- _WORK ITEM_
Could you please transcribe the data exactly, without the pictures?

- _COLLECTED DATA_
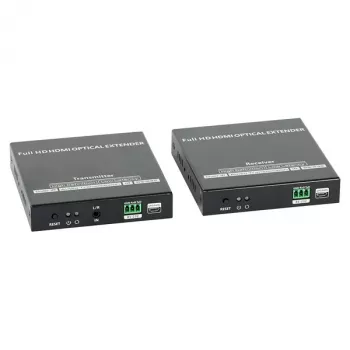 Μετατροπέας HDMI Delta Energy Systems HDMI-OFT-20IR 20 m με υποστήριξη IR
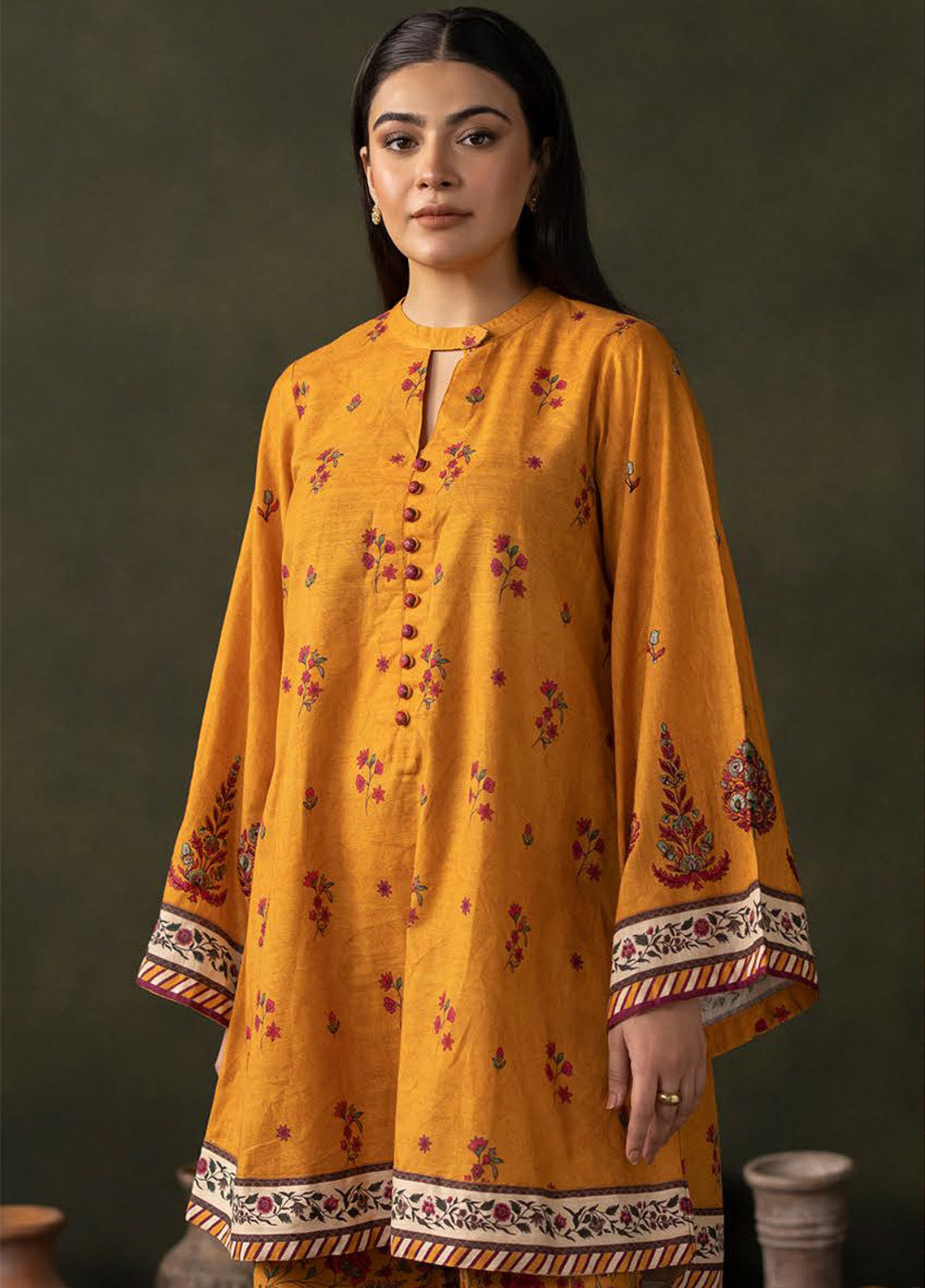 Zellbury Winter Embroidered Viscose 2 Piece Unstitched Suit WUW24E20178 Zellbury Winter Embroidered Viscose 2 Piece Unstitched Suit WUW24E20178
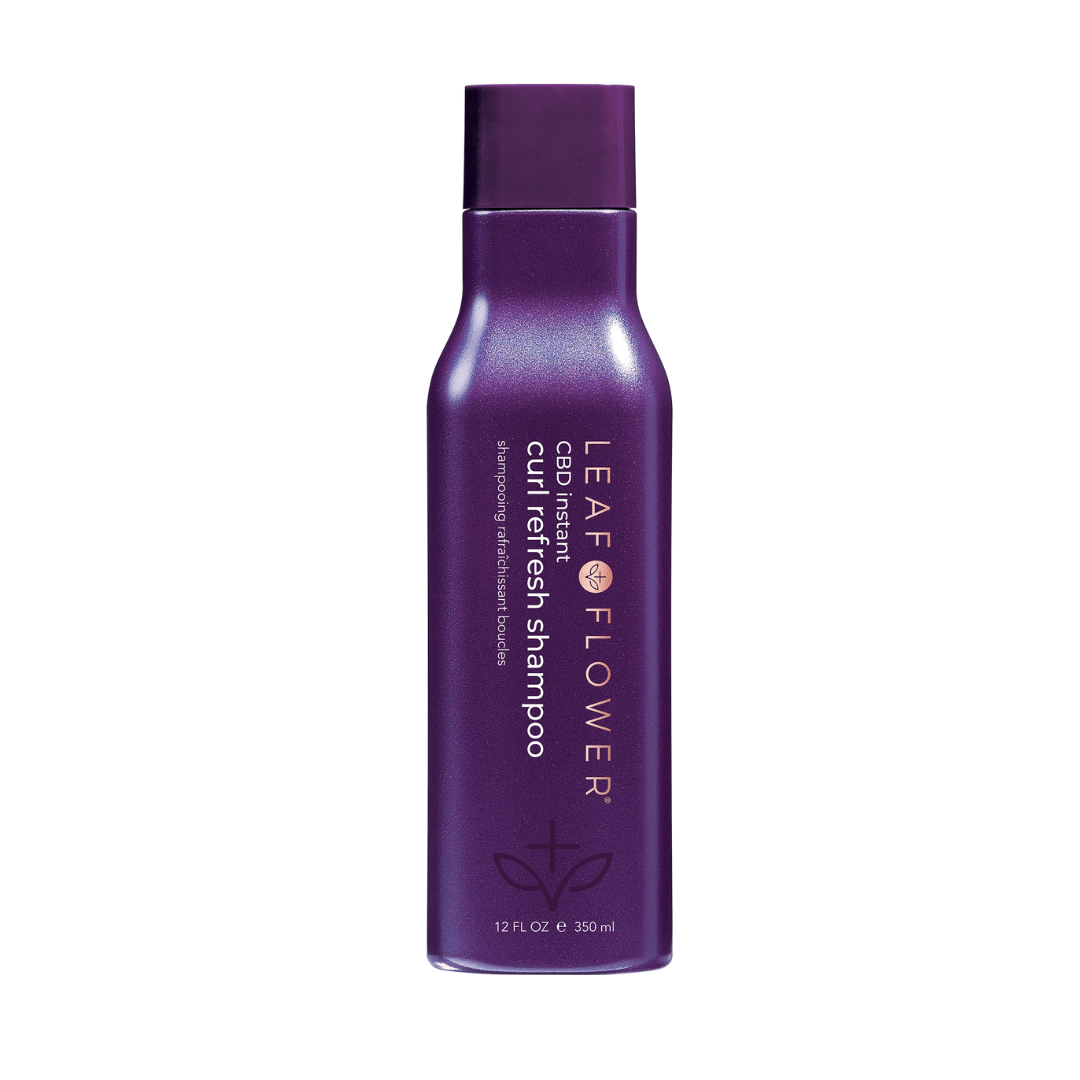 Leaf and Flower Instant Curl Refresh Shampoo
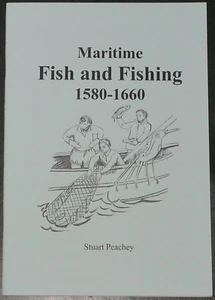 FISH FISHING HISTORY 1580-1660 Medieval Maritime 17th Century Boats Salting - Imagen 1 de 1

- _RESULT OF THE EXERCISE_
 Μετατροπέας HDMI Delta Energy Systems HDMI-OFT-20IR 20 m με υποστήριξη IR
 Zellbury Winter Embroidered Viscose 2 Piece Unstitched Suit WUW24E20178 Zellbury Winter Embroidered Viscose 2 Piece Unstitched Suit WUW24E20178
 Leaf and Flower Instant Curl Refresh Shampoo
 FISH FISHING HISTORY 1580-1660 Medieval Maritime 17th Century Boats Salting - Imagen 1 de 1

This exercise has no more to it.